Le coach est conscient de la possible existence de biais inconscients et veille à adopter une approche respectueuse et inclusive qui reconnaît et tient compte des spécificités de chacun.

Le coach doit remettre en question, dans un esprit constructif, les comportements perçus comme discriminatoires de tout collègue, collaborateur, fournisseur de services, client ou participant.

Le coach est attentif à sa communication orale, écrite ou non-verbale pour éviter toute forme de discrimination involontaire.

Le coach participe à des activités de développement destinées à renforcer sa propre sensibilité aux questions d’égalité et de diversité.

Infractions au code de déontologie

Le coach est conscient que toute infraction au présent code, donnant lieu à une procédure judiciaire contre lui, peut entraîner la résiliation de son accréditation.

Le coach doit s’opposer à un confrère s’il a une bonne raison de penser que ce dernier agit de façon contraire à la déontologie de la profession.

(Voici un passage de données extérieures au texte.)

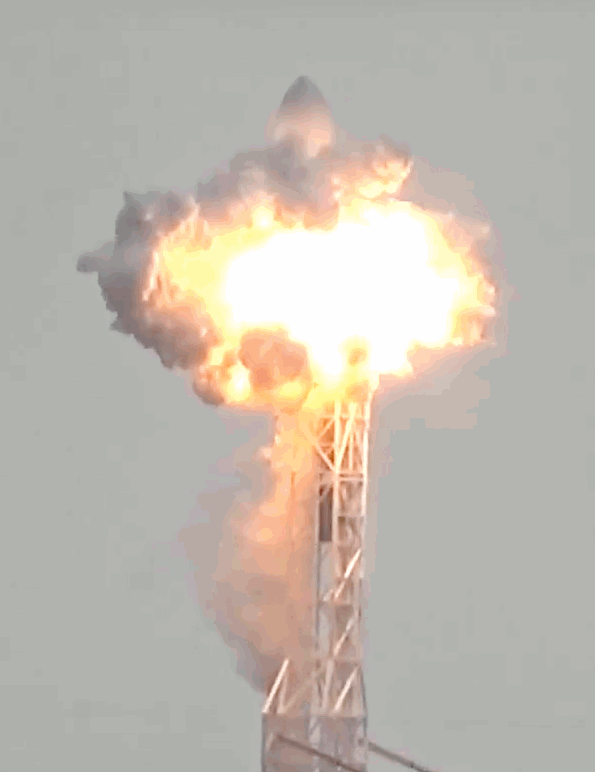 SpaceX Falcon 9 rocket explosion loss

Si la discussion ne permet pas d’aboutir à une solution, il doit en référer à l’organisation professionnelle à laquelle il adhère.

Obligations légales et réglementaires

Le coach est tenu de se conformer aux obligations réglementaires en vigueur dans les pays où il exerce, ainsi qu’aux politiques et procédures définies par les organisations professionnelles et applicables à leurs activités.

Le coach doit souscrire une assurance responsabilité civile professionnelle couvrant ses activités de coaching dans les différents pays où il exerce.

Capacités professionnelles

Le coach possède les qualifications, compétences et expériences nécessaires pour répondre aux besoins des clients et s’engage à ne pas excéder les limites de ses compétences. Le cas échéant, il doit orienter ses clients vers un autre coach plus expérimenté ou aux qualifications mieux adaptées.

L’état de santé du coach doit lui permettre d’exercer ses activités dans de bonnes conditions. À défaut, ou s’il doute de sa capacité à exercer en raison de problèmes de santé, il doit demander conseil ou assistance auprès d’autres professionnels. Si nécessaire ou préférable, le coach doit suggérer au client de mettre fin à la relation de travail et l’orienter vers un autre coach.

Supervision permanente

Le coach établit une relation avec un superviseur qualifié ou un groupe de pairs, à une fréquence adaptée à sa pratique du coaching et conforme aux exigences de son organisation professionnelle et à son niveau d’accréditation.

Le coach veille à ce qu’aucun autre type de relation avec son superviseur ne risque de nuire à la qualité de la relation de supervision.

Le coach doit discuter de tout problème éthique réel ou potentiel ainsi que de toute infraction au présent code avec son superviseur ou groupe de pairs pour obtenir soutien et conseils.

Développement professionnel continu

Le coach élargit ses compétences de coach en suivant des formations et/ou actions de développement professionnel continu adaptées à sa situation.

Le coach apporte une contribution à la communauté professionnelle, en fonction de son degré d’expertise. Cette contribution peut prendre diverses formes, par exemple une assistance informelle à d’autres membres actifs, une contribution au développement de la profession, la réalisation d’études, des publications, etc.

Le coach évalue systématiquement la qualité de sa pratique, par exemple au travers du feedback de ses clients, de son superviseur et d’autres interlocuteurs pertinents.